BPE: Behavioral Profiling Ensemble
Yanxin Liu, Yunqi Zhang
TL;DR
The paper introduces the Behavioral Profiling Ensemble (BPE), a validation-free dynamic ensemble that profiles each base classifier using training-set perturbations to reveal intrinsic behavior rather than relying on external neighborhoods. It computes per-model behavioral profiles $P_k=(\mu_k,\sigma_k)$ from perturbed outputs and adapts inference weights via $S(\mathbf{p}_k(\mathbf{x}))$, $z_k=(S(\mathbf{p}_k(\mathbf{x}))-\mu_k)/(\sigma_k+\xi)$ and $w_k=\frac{\exp(\lambda z_k)}{\sum_j \exp(\lambda z_j)}$, producing $H(\mathbf{x})=\sum_k w_k \Phi_k(\mathbf{x})_k$. Experiments on synthetic and real data show that BPE-Entropy consistently outperforms static baselines and DES methods in both heterogeneous and homogeneous settings, with strong statistical significance and favorable scalability.

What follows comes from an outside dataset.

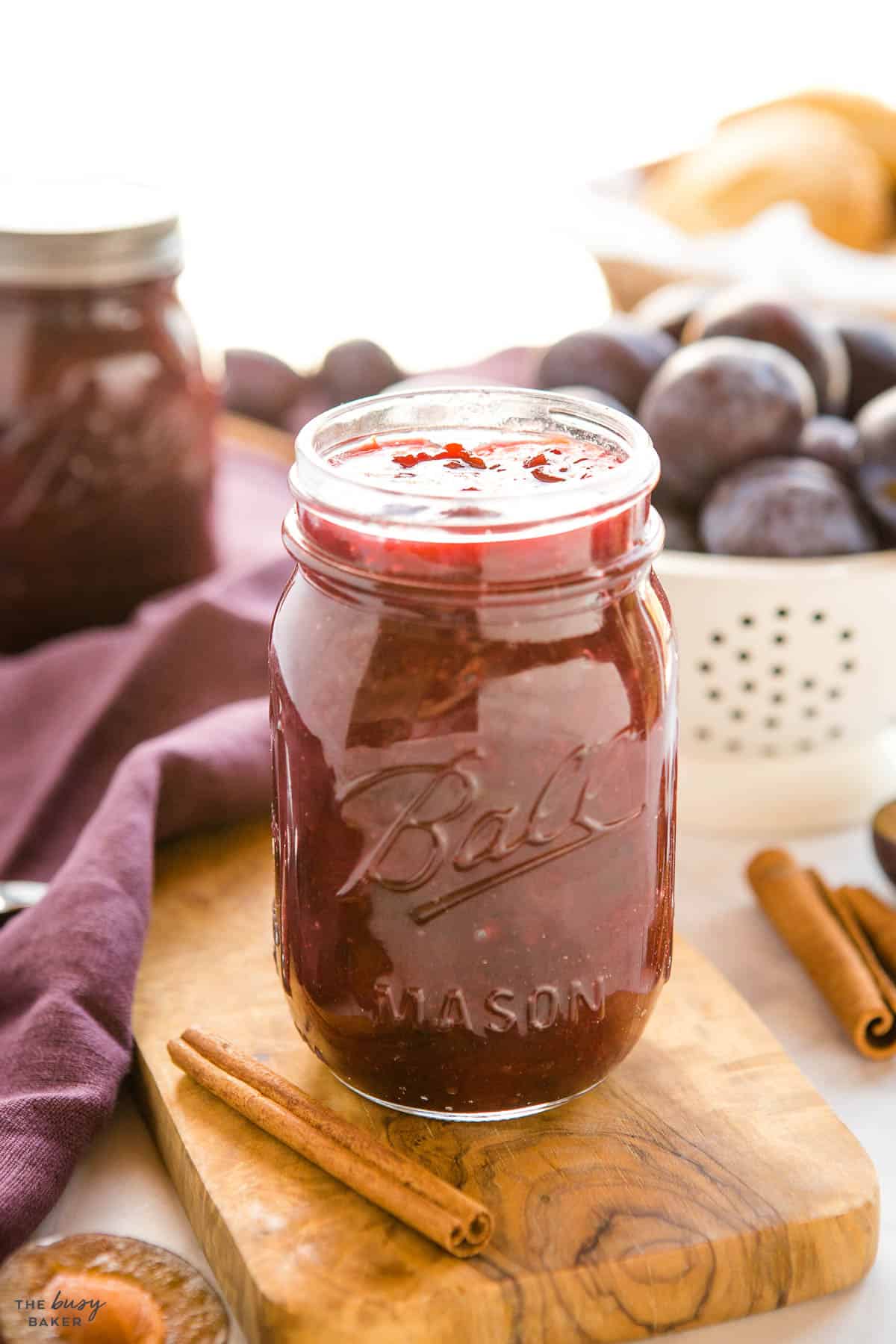 jar of preserves with fresh fruit and cinnamon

The approach reduces storage to $O(K)$ and online complexity to $O(KC)$, avoiding costly neighborhood searches and validation sets, which is advantageous for large-scale and streaming deployments. The discussion outlines future directions such as alternative behavioral metrics and richer profile construction, including integrating multiple profiling perspectives for potential gains.
Abstract
Ensemble learning is widely recognized as a pivotal strategy for pushing the boundaries of predictive performance. Traditional static ensemble methods, such as Stacking, typically assign weights by treating each base learner as a holistic entity, thereby overlooking the fact that individual models exhibit varying degrees of competence across different regions of the instance space. To address this limitation, Dynamic Ensemble Selection (DES) was introduced. However, both static and dynamic approaches predominantly rely on the divergence among different models as the basis for integration. This inter-model perspective neglects the intrinsic characteristics of the models themselves and necessitates a heavy reliance on validation sets for competence estimation. In this paper, we propose the Behavioral Profiling Ensemble (BPE) framework, which introduces a novel paradigm shift. Unlike traditional methods, BPE constructs a ``behavioral profile'' intrinsic to each model and derives integration weights based on the deviation between the model's response to a specific test instance and its established behavioral profile. Extensive experiments on both synthetic and real-world datasets demonstrate that the algorithm derived from the BPE framework achieves significant improvements over state-of-the-art ensemble baselines. These gains are evident not only in predictive accuracy but also in computational efficiency and storage resource utilization across various scenarios.